- ACTION ITEM
Please copy all of the entries exactly, but drop every picture.

- AVAILABLE DATA

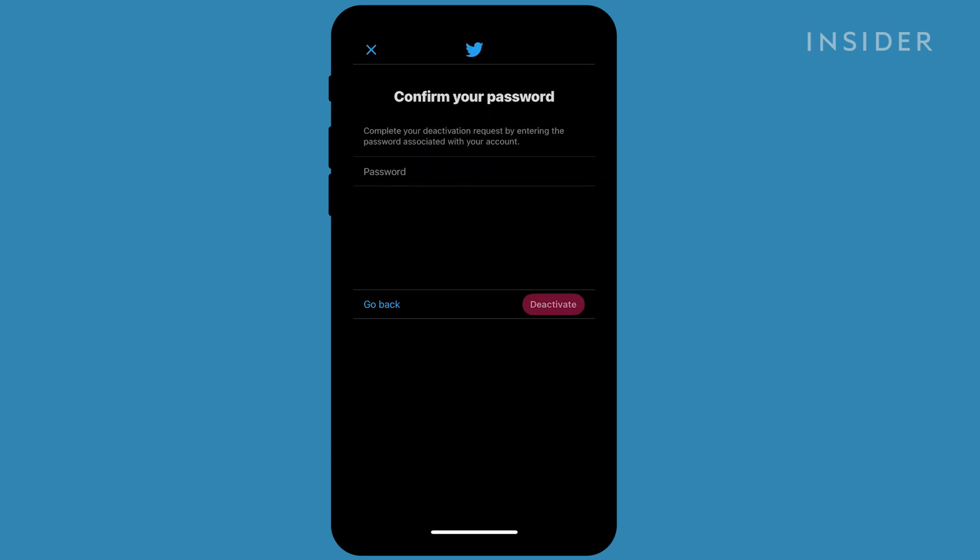Next, you will be prompted to enter your Twitter password. Do so, then tap Deactivate in the bottom right corner.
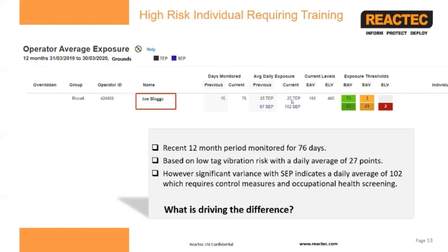With a risk level of 27 points it's obviously low and of no great concern, but with a risk of 102 points, the HSE and ISO regulations would suggest that the individual has a 10% probability of developing HAVS within 12 years. It would also mean that control measures are required and that the individual should be on an occupational health screening programme. According to the TEP shown on his device, it was only three days in which he exceeded the action values, so for the majority of the time he would have perceived himself to be in a low-risk environment — but the sensed exposure paints a very different picture.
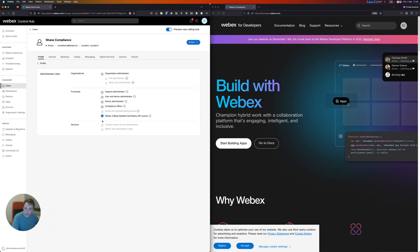If you are using a third-party application that's built on top of these APIs, it would be a good idea to use a user that has been created specifically for this purpose with the WebEx calling detailed call history API role checked.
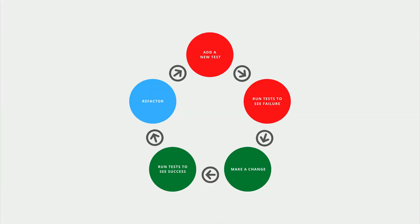Test-driven development consists of five phases that we will repeat as we modify our code. Each of these phases happens very quickly and we might go through all five phases in less than a minute.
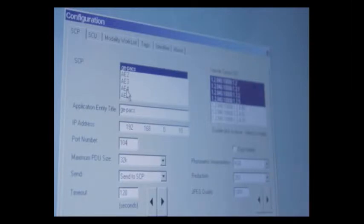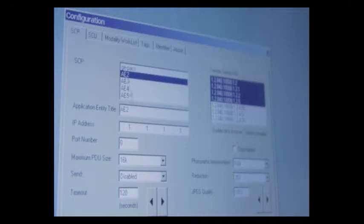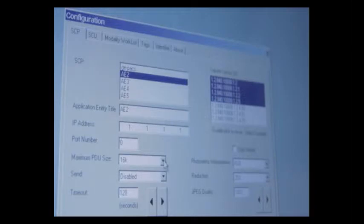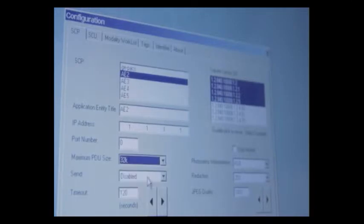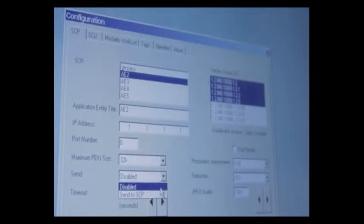Now you'll notice up here we have the ability to send to a number of different image send DICOM systems. So if you have a redundant backup server, you can simply enable AE2, type in the AE title of that one, the IP address, port number, change the maximum PDU size to 32, and enable the DICOM send.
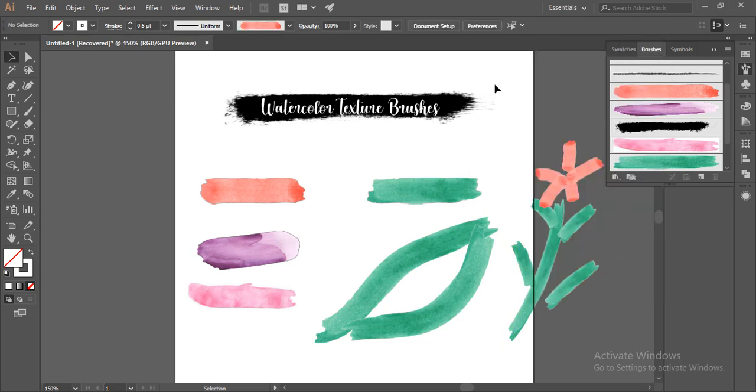Now like this, you can make beautiful designs out of texture brushes and you can have fun with them. I can play with them and I'll meet you in the next video. Bye bye till then!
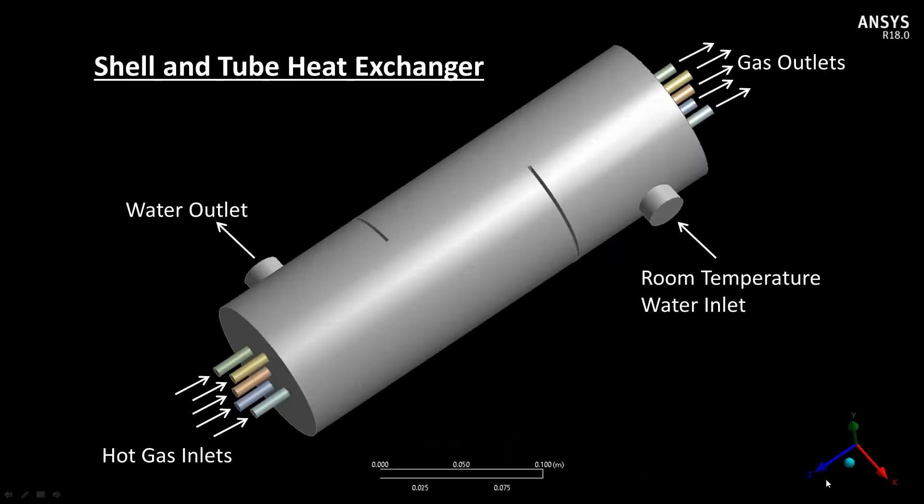In this example, I'll be demonstrating how to set up and run a shell and tube heat exchanger in ANSYS Workbench, specifically with Fluent.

- YOUR RESPONSE
Next, you will be prompted to enter your Twitter password. Do so, then tap Deactivate in the bottom right corner.
With a risk level of 27 points it's obviously low and of no great concern, but with a risk of 102 points, the HSE and ISO regulations would suggest that the individual has a 10% probability of developing HAVS within 12 years. It would also mean that control measures are required and that the individual should be on an occupational health screening programme. According to the TEP shown on his device, it was only three days in which he exceeded the action values, so for the majority of the time he would have perceived himself to be in a low-risk environment — but the sensed exposure paints a very different picture.
If you are using a third-party application that's built on top of these APIs, it would be a good idea to use a user that has been created specifically for this purpose with the WebEx calling detailed call history API role checked.
Test-driven development consists of five phases that we will repeat as we modify our code. Each of these phases happens very quickly and we might go through all five phases in less than a minute.
Now you'll notice up here we have the ability to send to a number of different image send DICOM systems. So if you have a redundant backup server, you can simply enable AE2, type in the AE title of that one, the IP address, port number, change the maximum PDU size to 32, and enable the DICOM send.
Now like this, you can make beautiful designs out of texture brushes and you can have fun with them. I can play with them and I'll meet you in the next video. Bye bye till then!
In this example, I'll be demonstrating how to set up and run a shell and tube heat exchanger in ANSYS Workbench, specifically with Fluent.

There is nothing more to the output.